Surprisingness turns out to be a really strong candidate for the thing that makes a bad idea inspirational in this context.

Here’s a way of inserting ‘surprise’ into the ‘come up with ideas for things people wouldn’t want’ idea.

“Make something that you might expect people to want, but that they wouldn’t actually use”.

That particular idea definitely sounds like an example of a bad idea, but not a surprisingly bad one.

Unfortunately, as Paul Graham would tell you, as much as that sounds like an obviously bad idea, it’s exactly the kind of bad idea that unsurprisingly inspires but ultimately dooms most startups (because they don’t try to find out whether anyone will use it until it is too late, an epiphany which Lean Startup devotees will tell you about in great detail).

The magic word in the sentence describing that idea is ‘expect’.

Surprises are all about ‘the unexpected’.

Let’s turn it on its head:

“Come up with an idea for something that you might not expect people to want, but that it turns out that they would actually use”.

Sounds a bit more like the holy grail than a surprisingly bad idea, right?

Nonetheless, look at the contrast with the ‘come up with something people don’t want’ way of generating bad ideas.

“Come up with an idea for something that you might not expect people to want, but…” is all about ‘contradicting expectations’, which, after all, is exactly what ‘surprisingness’ is all about.

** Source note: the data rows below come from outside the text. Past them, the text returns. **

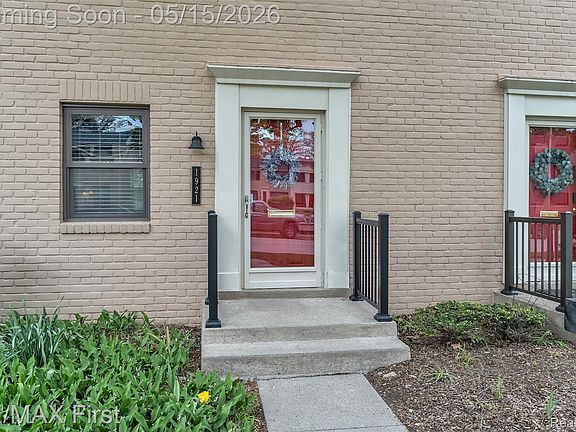 3rd image of 1921 Graefield Rd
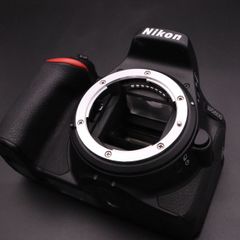 Nikon デジタル一眼レフカメラ D5600 ボディ【中古】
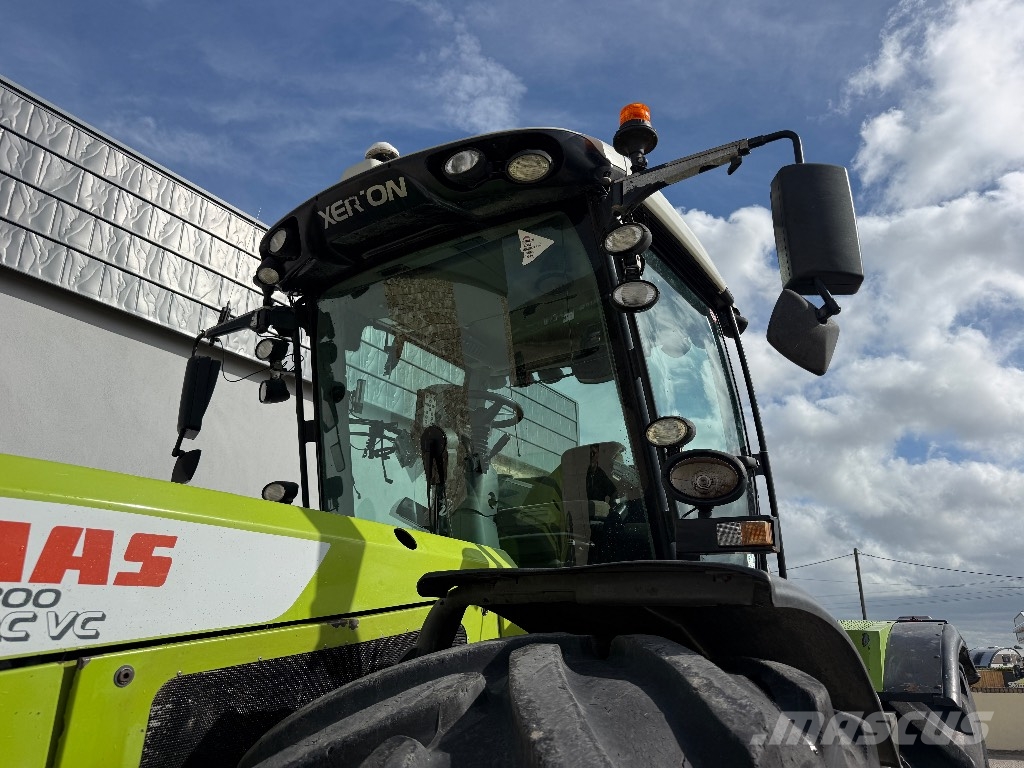 CLAAS Xerion 3800 Trac VC Tractors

Now those kinds of ideas (ideas which contradict expectations) are the kind of ideas which, bad or not, are much more likely to be the stuff of inspiring free association.

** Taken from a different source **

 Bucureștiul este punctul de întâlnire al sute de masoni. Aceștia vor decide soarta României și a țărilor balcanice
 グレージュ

And if the ideas that you get from doing that do turn out to be bad ideas, well, they are probably surprisingly bad, maybe because for some reason they seem to offer just a forlorn glimmer of hope that someone might just want them and that hope will tempt you to follow that glimmer as you taxi gently along a dimly lit track of follow-up ideas which might turn out to help you towards your startup’s take-off with a genuinely scalable startup idea.

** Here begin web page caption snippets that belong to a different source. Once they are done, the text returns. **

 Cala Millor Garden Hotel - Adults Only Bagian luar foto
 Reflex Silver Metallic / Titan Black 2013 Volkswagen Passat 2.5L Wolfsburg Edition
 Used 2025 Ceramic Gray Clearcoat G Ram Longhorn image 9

Alternatively, that very same track of ideas could leave you hurtling past the end of the metaphorical startup runway into a not-so-metaphorical crash which burns up all of your funds (a point at which ideas which at some point looked good can definitively prove themselves to have been surprisingly bad).

So, although it’s pretty obvious that surprisingly bad ideas are not all useful, there is something surprisingly useful about surprisingly bad ideas: they open up the whole question of expectations.

Nerdy startup types are usually no good at anticipating the expectations of real social humans with a ‘life’, so for this next exercise you might want to go and find yourself a less-nerdy co-founder.

Have another go at coming up with bad ideas for things people want, but this time why not start to deconstruct the expectations that sit behind why you think people actually wouldn’t want them.

See if you can come up with ideas for things that others would think people wouldn’t want, but where you have well-thought out reasons for thinking that they would be absolutely wrong about that for some surprisingly unexpected reasons.

Harder, isn’t it?

If you can’t do it, or at least if trying to do it doesn’t help you get to grips with expectations enough to actually come up with some better ideas, then maybe the whole idea about you starting a startup was a bad idea, which might turn out to be a real surprise, which would be a useful, if painful discovery, but one which might just stop you wasting a lot of time and money and prove the validity of the title of this article.